What is required: All of the lines below are to be transcribed faithfully, with pictures excluded from the copy.

Data extract:
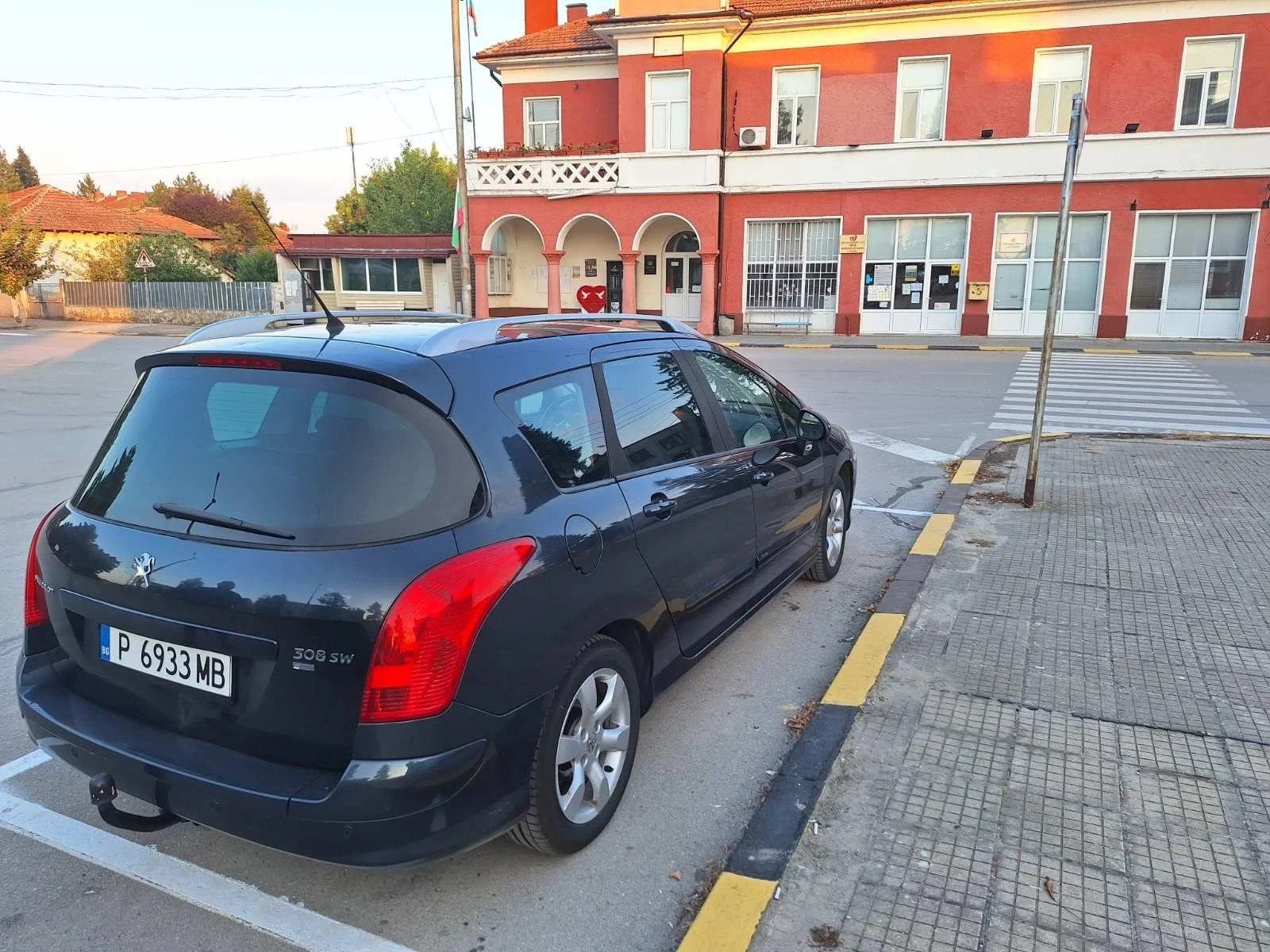 Peugeot 308 308SW, снимка 2 - Автомобили и джипове - 55571156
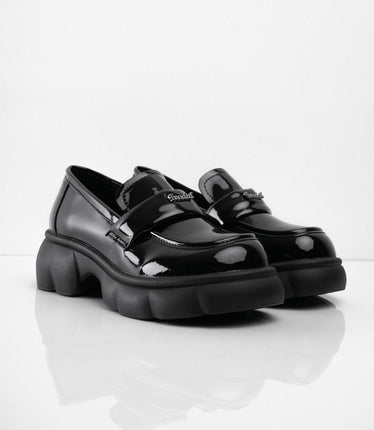 Mocasines negros brillantes con letras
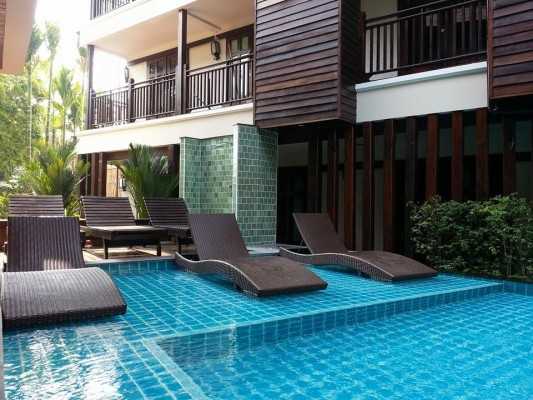 สระว่ายน้ำ @ โรงแรม เวียงท่าแพ รีสอร์ท เชียงใหม่ (Viang Thapae Resort) เป็น ที่พักเชียงใหม่เปิดใหม่ ใจกลางเมือง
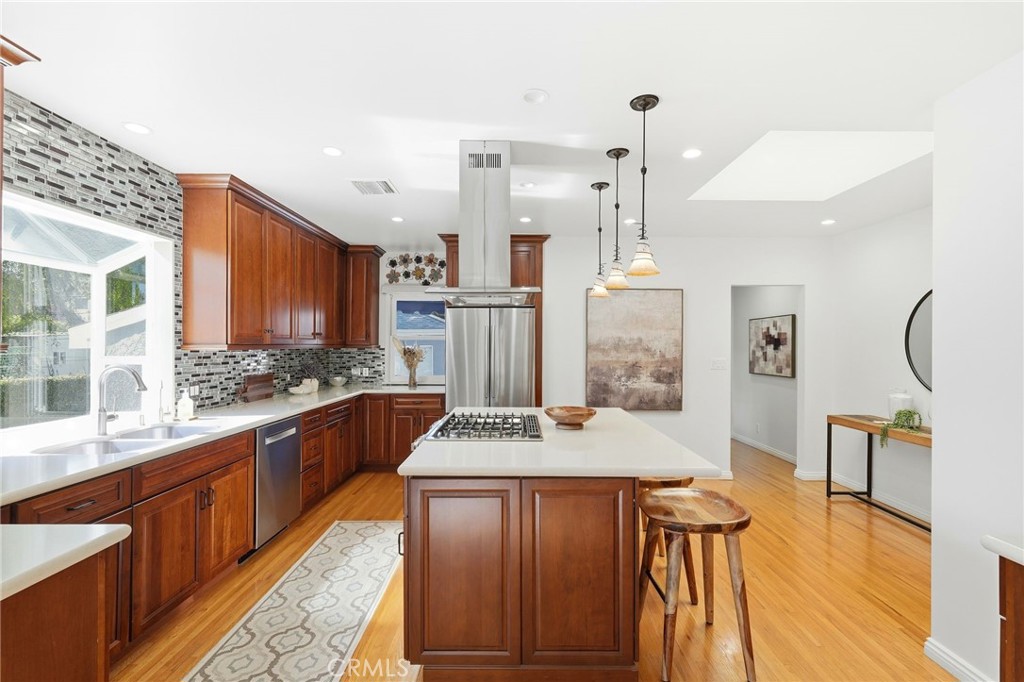 1025 N Screenland Drive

Answer below:
 Peugeot 308 308SW, снимка 2 - Автомобили и джипове - 55571156
 Mocasines negros brillantes con letras
 สระว่ายน้ำ @ โรงแรม เวียงท่าแพ รีสอร์ท เชียงใหม่ (Viang Thapae Resort) เป็น ที่พักเชียงใหม่เปิดใหม่ ใจกลางเมือง
 1025 N Screenland Drive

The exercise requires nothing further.